Apunte parcial sobre Armenia, para avizorar su propia tragedia

Las divisiones etnorraciales y las tensiones intestinas de la antigua Unión Soviética, más allá de la carga de enfrentamientos milenarios, fueron una constante histórico-política. Enfrentamientos que el Kremlin favoreció para consolidar su poder y promover la “destrucción” de sus potenciales opositores en regiones subalternas y sujetas de vasallaje. 

Así ocurrió desde la instalación de Lenin en el poder. Los revolucionarios, magníficamente retratados por John Reed en Diez días que conmovieron al mundo (Ten days that shook the world, en el original inglés) adoptaron, cuasi de inmediato, los planes de expansión imperial que habían concebido los zares Pedro el Grande y Catalina de Rusia.

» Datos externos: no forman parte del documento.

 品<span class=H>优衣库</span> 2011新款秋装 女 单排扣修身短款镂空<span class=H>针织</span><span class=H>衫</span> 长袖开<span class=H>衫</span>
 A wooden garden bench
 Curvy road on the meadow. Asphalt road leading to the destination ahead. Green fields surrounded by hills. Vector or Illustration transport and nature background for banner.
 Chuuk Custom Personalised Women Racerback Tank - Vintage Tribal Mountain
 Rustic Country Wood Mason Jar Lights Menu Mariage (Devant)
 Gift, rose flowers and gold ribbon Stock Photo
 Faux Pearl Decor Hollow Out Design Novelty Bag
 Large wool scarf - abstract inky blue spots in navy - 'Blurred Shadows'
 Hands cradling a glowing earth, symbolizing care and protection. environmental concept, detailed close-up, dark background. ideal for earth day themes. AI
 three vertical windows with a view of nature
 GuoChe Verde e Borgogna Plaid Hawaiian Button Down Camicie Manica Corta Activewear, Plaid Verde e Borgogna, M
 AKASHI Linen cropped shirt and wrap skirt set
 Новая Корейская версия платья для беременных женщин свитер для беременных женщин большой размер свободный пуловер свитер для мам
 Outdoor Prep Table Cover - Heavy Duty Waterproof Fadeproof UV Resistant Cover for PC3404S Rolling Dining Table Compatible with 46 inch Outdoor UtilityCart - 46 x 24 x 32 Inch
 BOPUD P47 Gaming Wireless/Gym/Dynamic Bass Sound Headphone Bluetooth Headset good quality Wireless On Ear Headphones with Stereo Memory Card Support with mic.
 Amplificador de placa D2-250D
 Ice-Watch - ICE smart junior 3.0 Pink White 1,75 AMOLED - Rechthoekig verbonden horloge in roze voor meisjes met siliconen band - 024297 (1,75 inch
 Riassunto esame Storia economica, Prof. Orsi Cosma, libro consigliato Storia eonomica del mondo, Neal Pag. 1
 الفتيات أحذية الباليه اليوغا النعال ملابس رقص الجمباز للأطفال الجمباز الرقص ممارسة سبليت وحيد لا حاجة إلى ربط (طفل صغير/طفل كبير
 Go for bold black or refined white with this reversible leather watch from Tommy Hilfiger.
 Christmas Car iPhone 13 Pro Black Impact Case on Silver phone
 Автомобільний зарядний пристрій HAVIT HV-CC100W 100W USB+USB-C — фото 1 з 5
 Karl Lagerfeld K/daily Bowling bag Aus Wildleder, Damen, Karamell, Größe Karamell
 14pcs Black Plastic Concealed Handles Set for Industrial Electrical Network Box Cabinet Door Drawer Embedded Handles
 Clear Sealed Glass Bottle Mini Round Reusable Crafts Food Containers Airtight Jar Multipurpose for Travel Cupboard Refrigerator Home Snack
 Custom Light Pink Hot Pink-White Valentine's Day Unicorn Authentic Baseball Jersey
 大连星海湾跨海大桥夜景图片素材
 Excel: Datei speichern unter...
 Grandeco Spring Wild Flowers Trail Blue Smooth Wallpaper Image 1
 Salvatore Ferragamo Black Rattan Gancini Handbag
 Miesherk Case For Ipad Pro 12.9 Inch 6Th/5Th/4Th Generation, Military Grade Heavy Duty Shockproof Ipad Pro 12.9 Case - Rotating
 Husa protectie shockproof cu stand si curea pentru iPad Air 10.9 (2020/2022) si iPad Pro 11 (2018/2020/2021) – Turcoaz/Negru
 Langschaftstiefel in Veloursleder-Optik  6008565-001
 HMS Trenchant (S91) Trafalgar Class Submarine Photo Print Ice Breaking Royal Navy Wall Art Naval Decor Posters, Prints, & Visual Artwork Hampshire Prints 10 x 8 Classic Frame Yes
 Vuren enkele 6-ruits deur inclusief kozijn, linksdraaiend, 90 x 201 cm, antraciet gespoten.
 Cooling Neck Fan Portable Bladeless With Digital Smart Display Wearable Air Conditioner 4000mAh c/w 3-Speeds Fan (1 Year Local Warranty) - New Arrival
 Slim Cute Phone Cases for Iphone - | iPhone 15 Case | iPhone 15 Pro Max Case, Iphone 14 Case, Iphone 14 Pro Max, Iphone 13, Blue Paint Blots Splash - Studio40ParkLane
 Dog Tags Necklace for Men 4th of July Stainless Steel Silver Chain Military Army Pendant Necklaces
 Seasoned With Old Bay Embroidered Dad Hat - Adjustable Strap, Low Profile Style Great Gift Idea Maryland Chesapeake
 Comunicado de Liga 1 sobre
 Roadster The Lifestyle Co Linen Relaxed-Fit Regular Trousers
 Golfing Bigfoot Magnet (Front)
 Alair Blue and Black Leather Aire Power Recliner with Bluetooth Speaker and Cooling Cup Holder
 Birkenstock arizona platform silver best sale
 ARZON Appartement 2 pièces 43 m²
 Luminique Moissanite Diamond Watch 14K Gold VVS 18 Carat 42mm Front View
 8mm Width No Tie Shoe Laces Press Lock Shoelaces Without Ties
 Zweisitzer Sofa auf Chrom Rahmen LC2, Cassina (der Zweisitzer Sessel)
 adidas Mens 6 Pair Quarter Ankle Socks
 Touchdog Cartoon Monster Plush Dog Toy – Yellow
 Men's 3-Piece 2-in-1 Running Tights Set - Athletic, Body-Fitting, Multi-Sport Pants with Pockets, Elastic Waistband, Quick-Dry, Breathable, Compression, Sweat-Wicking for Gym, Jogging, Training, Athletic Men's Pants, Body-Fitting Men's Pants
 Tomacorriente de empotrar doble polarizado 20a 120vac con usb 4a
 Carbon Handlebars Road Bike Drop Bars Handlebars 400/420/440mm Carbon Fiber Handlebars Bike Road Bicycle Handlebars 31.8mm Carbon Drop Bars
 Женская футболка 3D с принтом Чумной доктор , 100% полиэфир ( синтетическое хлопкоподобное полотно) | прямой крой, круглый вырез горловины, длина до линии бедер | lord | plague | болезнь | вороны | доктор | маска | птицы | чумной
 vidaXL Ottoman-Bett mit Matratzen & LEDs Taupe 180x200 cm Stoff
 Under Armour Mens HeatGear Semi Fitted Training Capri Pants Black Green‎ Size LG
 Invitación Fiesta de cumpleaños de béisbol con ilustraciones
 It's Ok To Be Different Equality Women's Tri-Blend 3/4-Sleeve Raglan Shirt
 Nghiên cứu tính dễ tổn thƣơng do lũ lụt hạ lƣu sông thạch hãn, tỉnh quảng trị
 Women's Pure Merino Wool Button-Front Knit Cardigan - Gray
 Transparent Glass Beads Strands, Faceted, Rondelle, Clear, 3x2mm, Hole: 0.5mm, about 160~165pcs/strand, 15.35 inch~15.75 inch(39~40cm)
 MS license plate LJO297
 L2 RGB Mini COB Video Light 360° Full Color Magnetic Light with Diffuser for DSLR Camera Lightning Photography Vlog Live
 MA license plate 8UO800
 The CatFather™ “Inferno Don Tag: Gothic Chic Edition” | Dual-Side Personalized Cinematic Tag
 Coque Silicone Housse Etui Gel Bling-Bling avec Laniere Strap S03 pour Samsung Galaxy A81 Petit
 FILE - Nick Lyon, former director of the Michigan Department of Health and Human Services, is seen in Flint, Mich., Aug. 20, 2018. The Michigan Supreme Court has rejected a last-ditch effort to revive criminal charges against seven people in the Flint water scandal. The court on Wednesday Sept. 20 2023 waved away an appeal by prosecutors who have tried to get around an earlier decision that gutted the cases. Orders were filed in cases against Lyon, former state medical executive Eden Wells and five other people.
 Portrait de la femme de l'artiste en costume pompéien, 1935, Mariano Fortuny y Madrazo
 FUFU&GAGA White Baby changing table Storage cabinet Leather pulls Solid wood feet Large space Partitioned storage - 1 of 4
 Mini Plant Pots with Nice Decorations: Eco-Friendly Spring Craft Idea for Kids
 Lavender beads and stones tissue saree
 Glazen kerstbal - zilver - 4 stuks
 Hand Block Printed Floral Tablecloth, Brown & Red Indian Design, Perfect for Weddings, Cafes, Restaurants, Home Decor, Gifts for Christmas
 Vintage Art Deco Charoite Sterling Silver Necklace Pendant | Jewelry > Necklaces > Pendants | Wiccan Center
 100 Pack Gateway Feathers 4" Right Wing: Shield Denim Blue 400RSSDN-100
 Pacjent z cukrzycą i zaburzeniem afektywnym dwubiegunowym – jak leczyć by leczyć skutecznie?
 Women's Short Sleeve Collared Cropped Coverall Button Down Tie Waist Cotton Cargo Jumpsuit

Nada fue diferente en política internacional. Por esa razón, los países occidentales observaban con desconfianza la hambruna que padeció el pueblo ruso durante los primeros años del gobierno de los soviets. Prefirieron hacer llegar granos, tasajo y pescados en salmuera que proporcionar préstamos dinerarios por temor a que terminaran alimentando el programa armamentista que proponía León Trotsky, líder del Ejército Rojo.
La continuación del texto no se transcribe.